First Lady of California
- In role January 9, 1856 – January 8, 1858
- Governor: J. Neely Johnson
- Preceded by: Elizabeth Bigler
- Succeeded by: Lizzie Weller

Personal details
- Born: Mary Zabriskie c. 1830 New Jersey, U.S.
- Died: June 26, 1887 (aged 56–57)
- Spouse(s): J. Neely Johnson ​ ​(m. 1851; died 1872)​ Sylvester H. Day
- Children: 2

= Mary Johnson (first lady) =

First Lady of California from 1856 to 1858

Mary Johnson (née Zabriskie; c. 1830 - 26 June 1887) was the 4th First Lady of California, wife of J. Neely Johnson, Governor from 1856 to 1858.

==Life==
Born Mary Zabriskie to James C. Zabriskie and Elizabeth W. Mann around 1830 in New Jersey. The family moved to California in 1849. They settled in Sacramento where James practiced law.

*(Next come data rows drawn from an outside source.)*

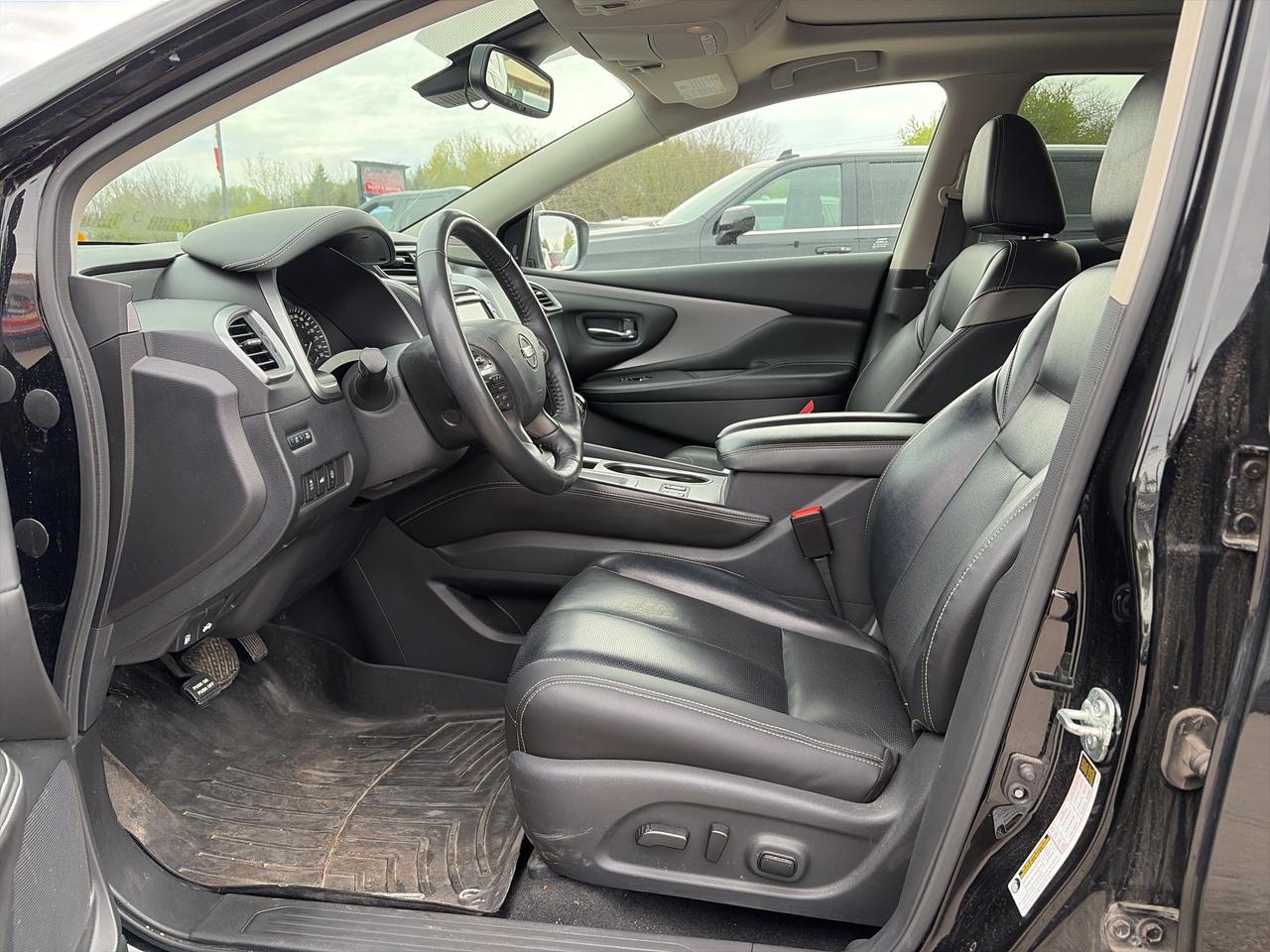 2021 Nissan Murano SL, AWD, REMOTE START, LEATHER, CLEAN CARFAX! Photo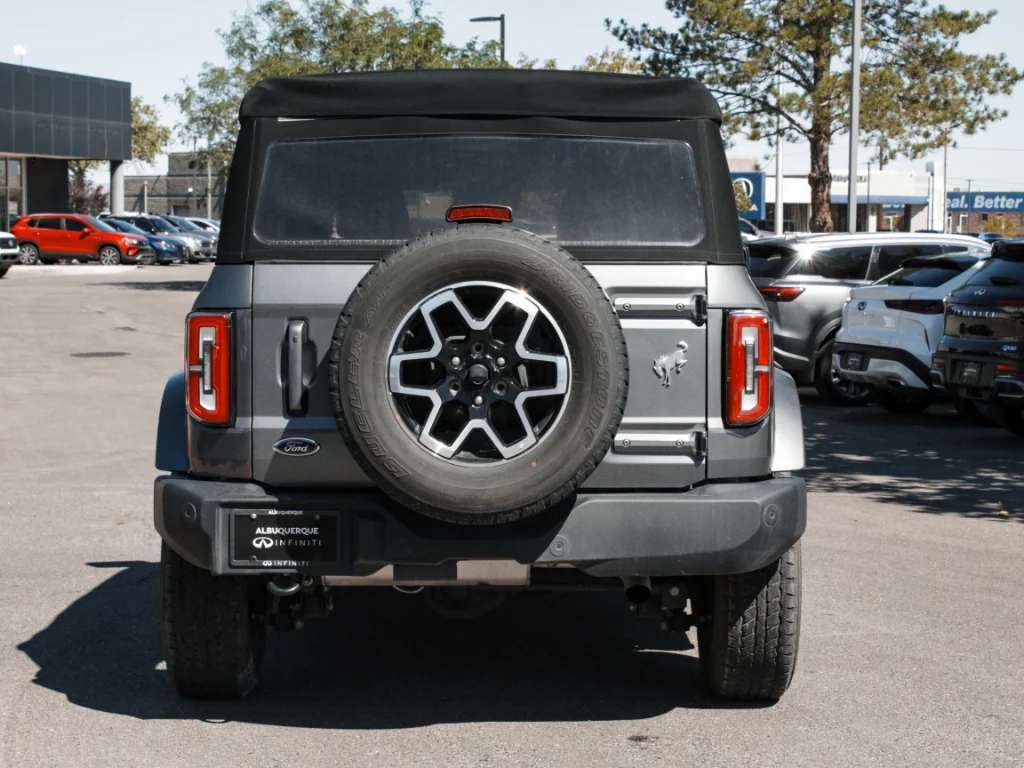 Used 2024 Carbonized Gray Metallic Ford Outer Banks image 6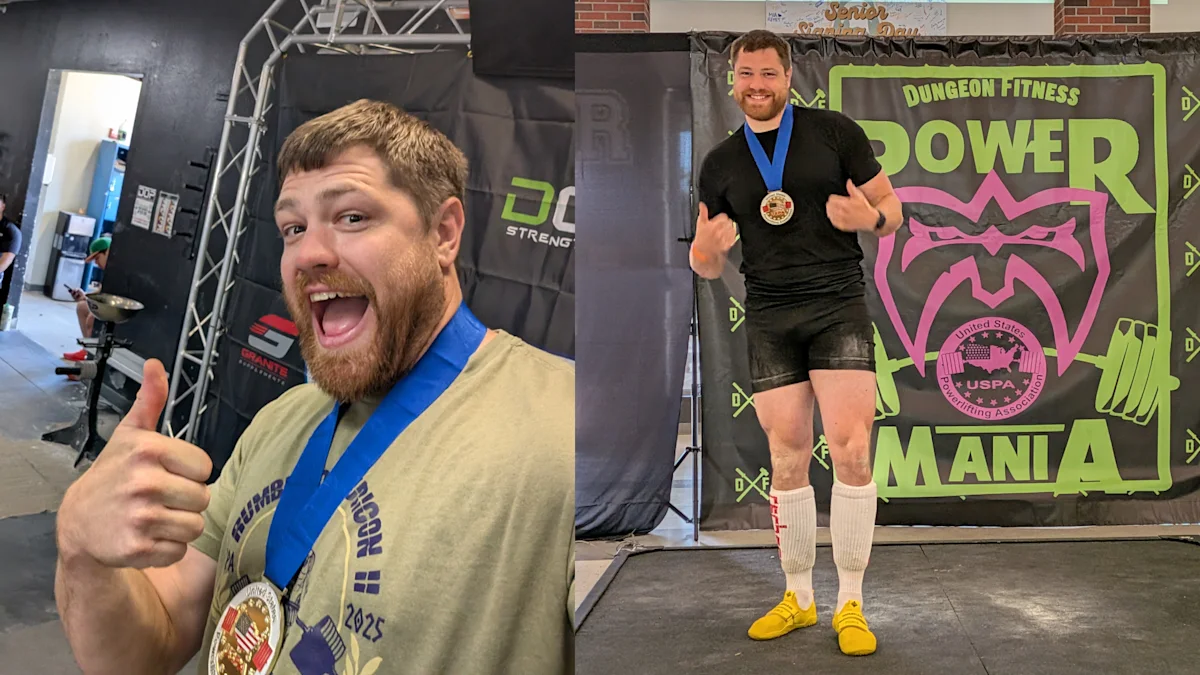 Main image for: Q&A: Becoming a Record-Setting Powerlifter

Mary married Colonel J. Neely Johnson on 26 June 1851. They had two children William and Bessie.

J. Neely Johnson and Mary had the first gubernatorial inaugural ball in California, in 1856. Mary was prominent in Sacramento society.

In 1859, they moved to Carson City, Nevada Territory, where J. Neely ran the Bowers Mine.

After her husband's death Mary married Colonel Sylvester H. Day. She lived in Carson City until her death on 23 November 1887.